- [Problem requirements]
Return an exact copy of the lines from the one holding "a white couch" to the end of the data, including both the starting and final lines. Leave the pictures out.

- [Given material]

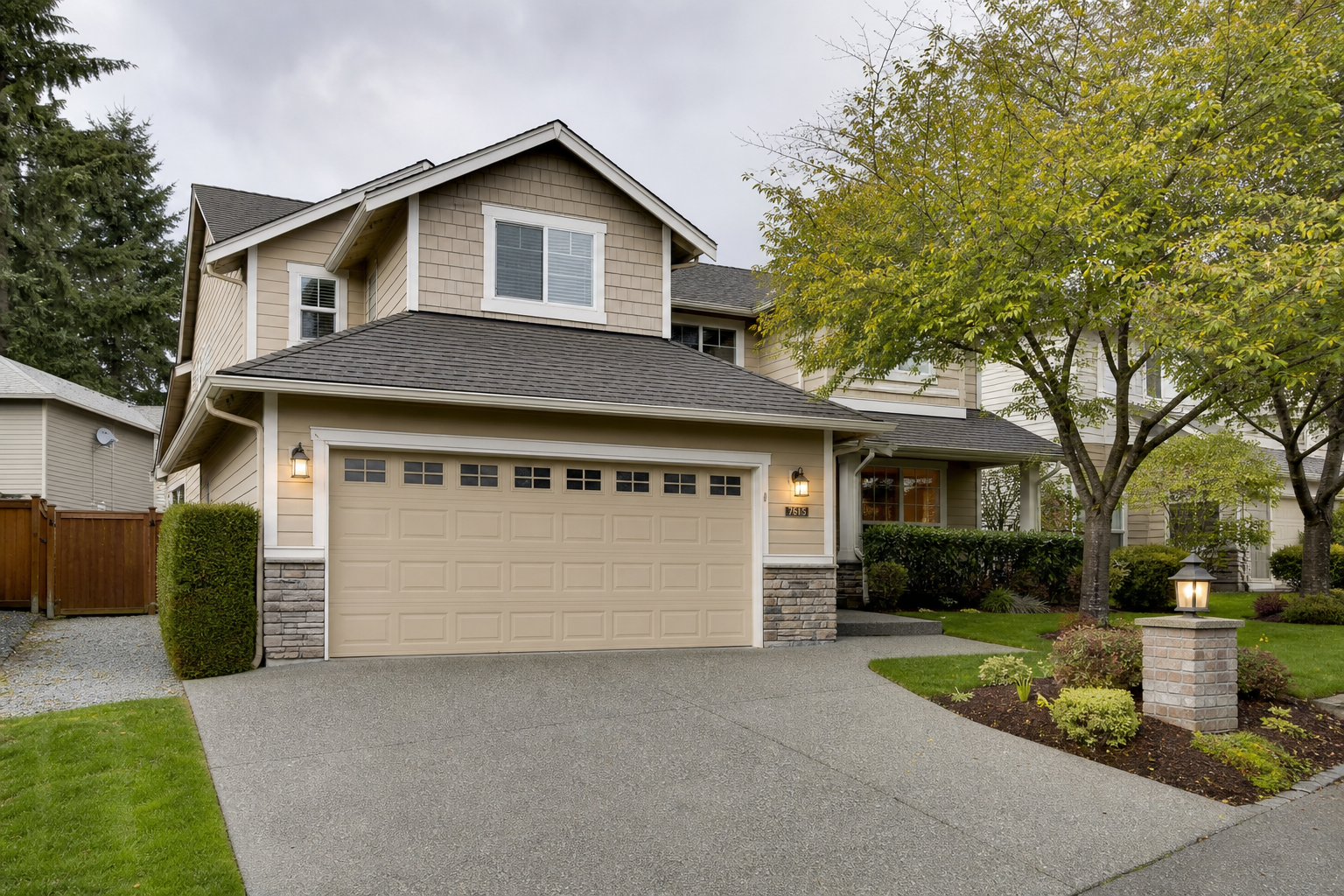 Suburban home in Mukilteo with a visible garage door and overcast daylight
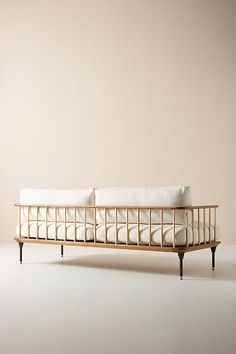 a white couch sitting on top of a wooden frame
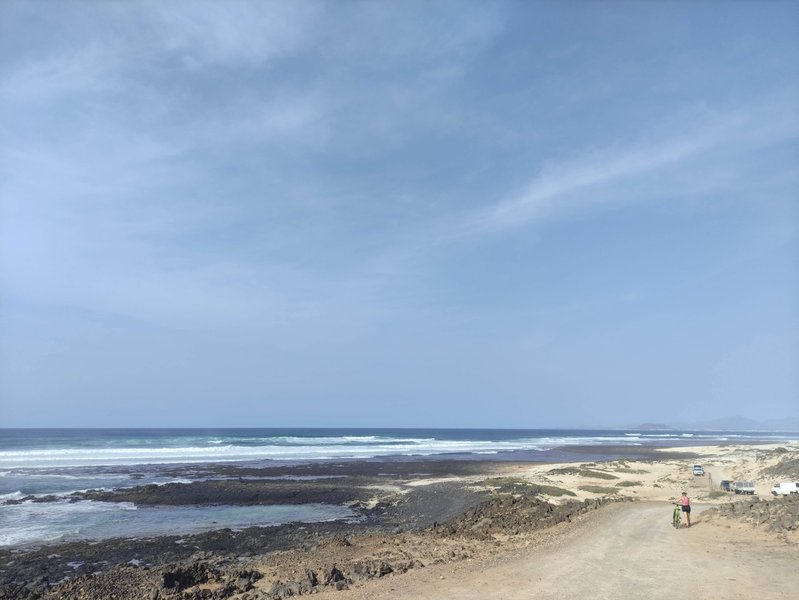 A wide view of the rocky coastline and breaking waves at Derecha de los Alemanes.
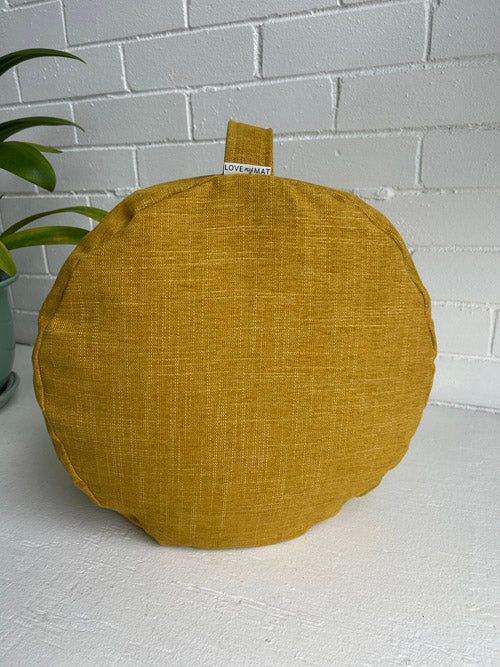 Round mustard yellow meditation cushion on a white surface with a white brick wall background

- [Task response]
 a white couch sitting on top of a wooden frame
 A wide view of the rocky coastline and breaking waves at Derecha de los Alemanes.
 Round mustard yellow meditation cushion on a white surface with a white brick wall background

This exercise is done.